The JDBC world has changed a lot in Clojure in the last few years.
Yeah, if your DB needs that.
And you may need :result-type :forward-only
and probably :fetch-size
(set according to however your DB wants it).
am I correct to make the assumption that
(jdbc/query db-spec expiration-query
{:row-fn handle-row})
will lazily query over the whole table one row at a time?It depends what you mean by "lazily" there...
jdbc/query
realizes the entire result, which is independent of whether the database fetches "lazily" (in batches/chunks).
In your code above, it would return a (fully-realized) sequence of all the results from calling handle-row
on each row fetched from the database.
That's the main difference with reducible-query
-- it doesn't actually do anything until you reduce
it somehow, and you can control what happens with the result accumulation (so you can process a row and essentially "throw away" the result).
The "lazy" in the docs is intended to mean you can process an arbitrarily large result set without bringing it all into memory.

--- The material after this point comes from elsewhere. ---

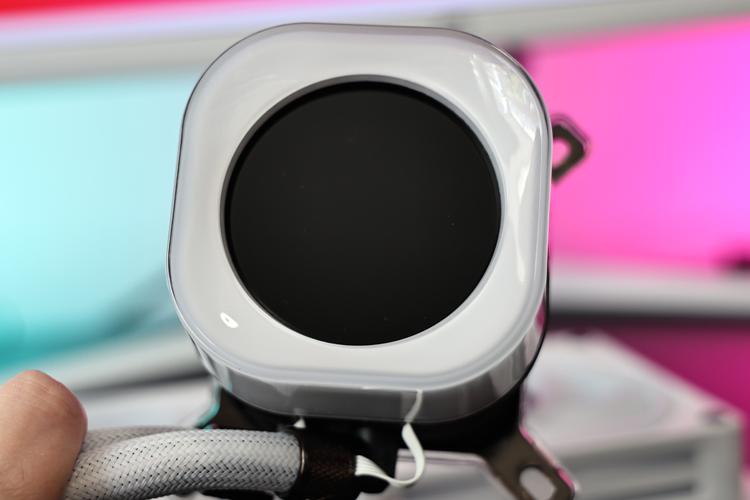 轻松拿捏i9-14900K星空体育平台990PRO：海盗船iCUE LINK H150i LCD/MP600 Elite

yes that last part is what I mean, I am really just trying to scan over a large db table without loading the entire result set into memory
you need to use a cursor and do that manually (at least with pg) otherwise the jdbc driver will just send all the result over the wire even if you do not consume it (lazily or not)
declare cursor foo for select * from bar
then fetch 1000 from foo
for every fetch and close foo
at the end. You can turn that into a lazy seq with some effort.
not sure reducible-query helps doing that at all, at least with pg, but I am not familiar with it
@mpenet No, you do not need to manually use a cursor for this. Setting auto-commit false on the connection, setting result-type forward-only and a fetch-size is all you should need. Folks have actually verified that works on Postgres with java.jdbc
BTW.
(I don't use Postgres -- I have to rely on others to test & verify this stuff for me -- but all that stuff in the docs, and the underlying features I added to java.jdbc
, is specifically about getting the DB to stream chunks of a result set)
If you look through the closed JIRA tickets for java.jdbc
you should see where folks were testing and verifying the lazy processing behavior...
I see only these: https://dev.clojure.org/jira/secure/IssueNavigator.jspa?
anyway... I can't find it. I ll take your word for it. I just remember I had to do the cursor dance (quite some time ago tho)
Hmm, looks like the main discussion happened somewhere else and it isn't linked in the tickets. The auto-commit : false
option was definitely part of the fallout from that and was key to making Postgres stream result sets apparently...
The auto-commit option on opening a connection is fairly new to java.jdbc
.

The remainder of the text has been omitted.